» **Supplied records**
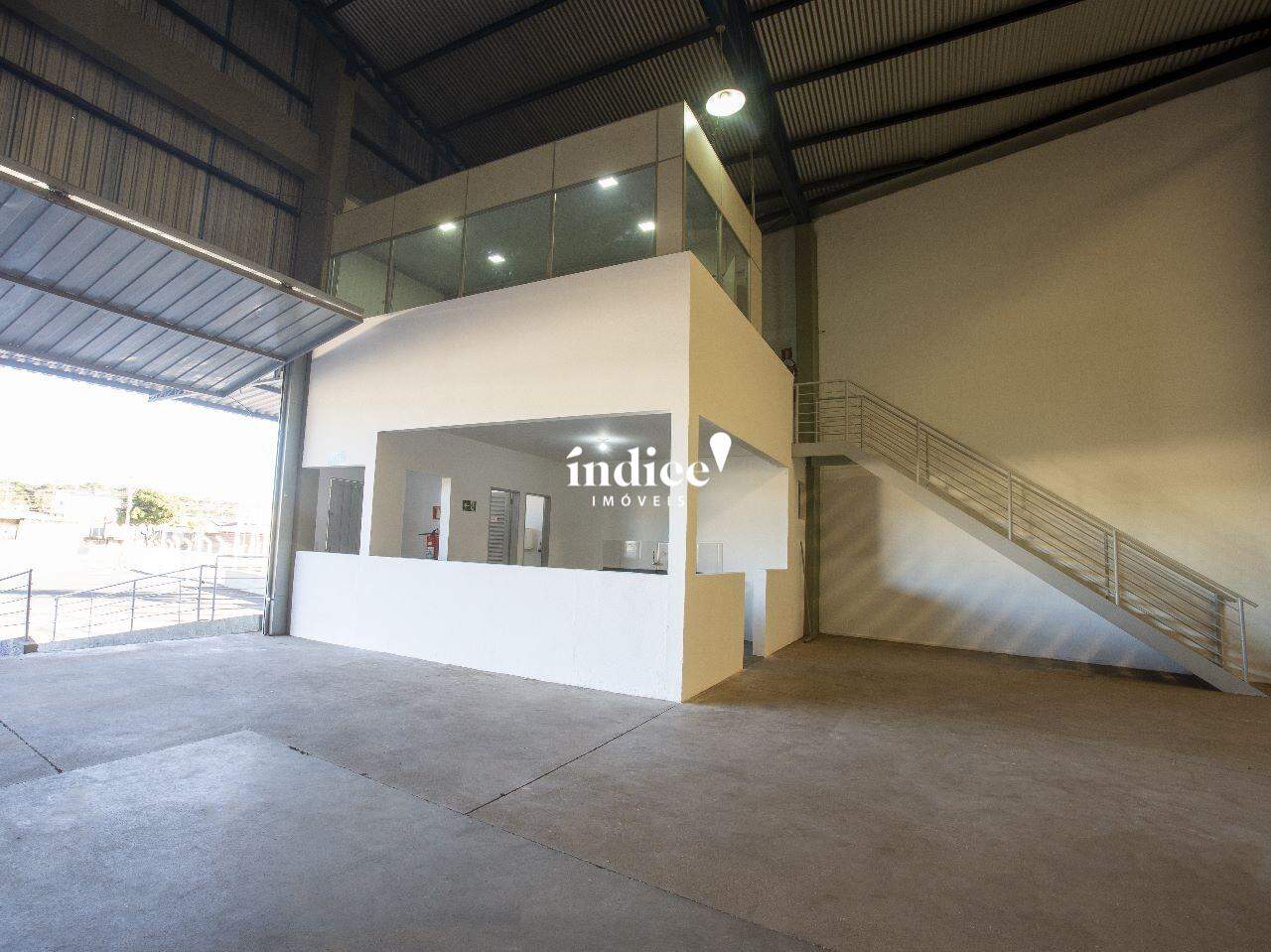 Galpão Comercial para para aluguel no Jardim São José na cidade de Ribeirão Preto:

==

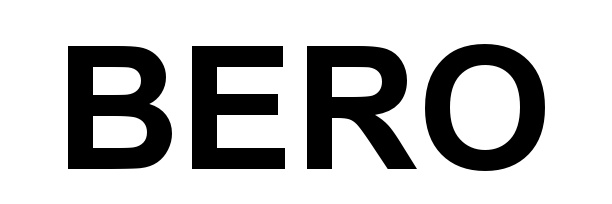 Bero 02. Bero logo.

* * *

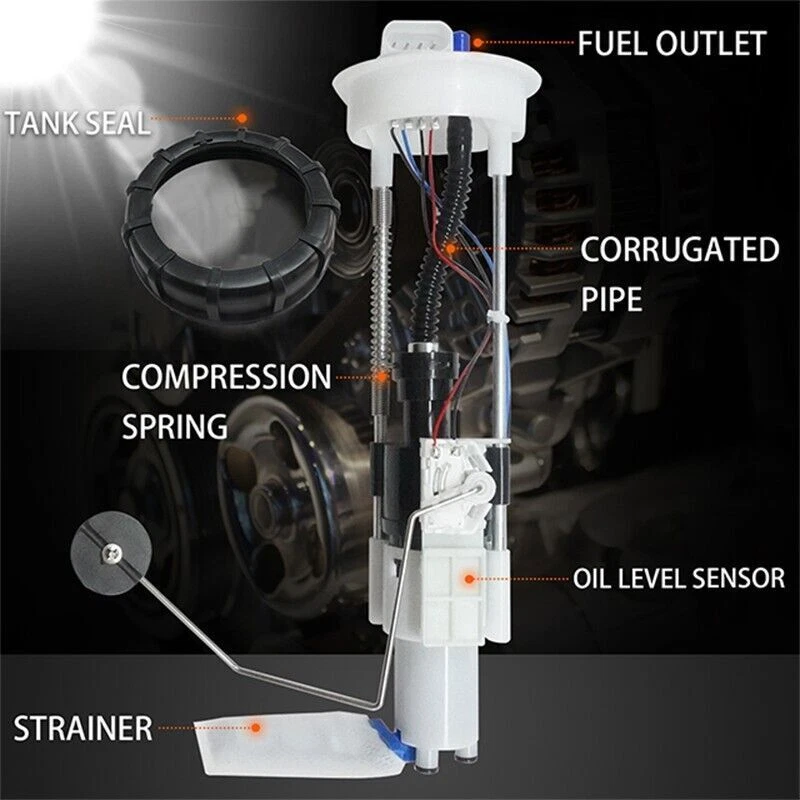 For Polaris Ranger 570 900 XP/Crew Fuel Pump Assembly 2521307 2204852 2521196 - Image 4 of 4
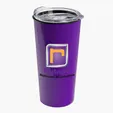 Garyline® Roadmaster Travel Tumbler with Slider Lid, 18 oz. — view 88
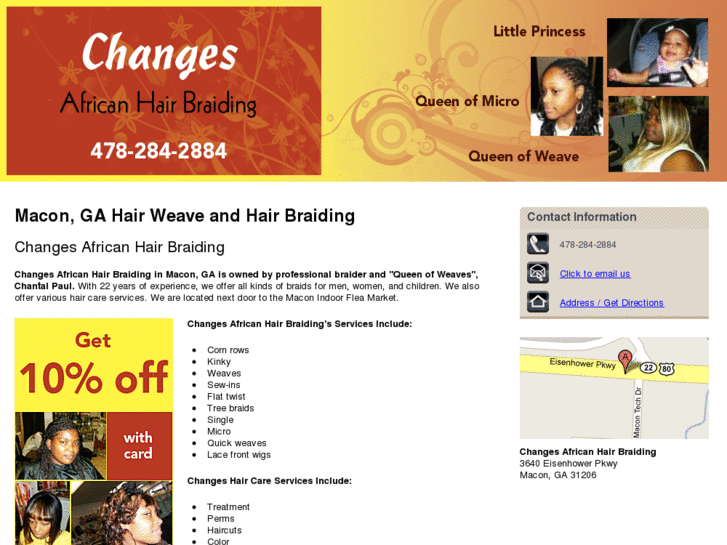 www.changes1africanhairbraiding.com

» **Exercise**
With the pictures omitted, restate word for word the lines above from the line that has "Garyline® Roadmaster Travel" up to and including the line that has "www.changes1africanhairbraiding.com", and no other lines.

» **Answer to the problem**
 Garyline® Roadmaster Travel Tumbler with Slider Lid, 18 oz. — view 88
 www.changes1africanhairbraiding.com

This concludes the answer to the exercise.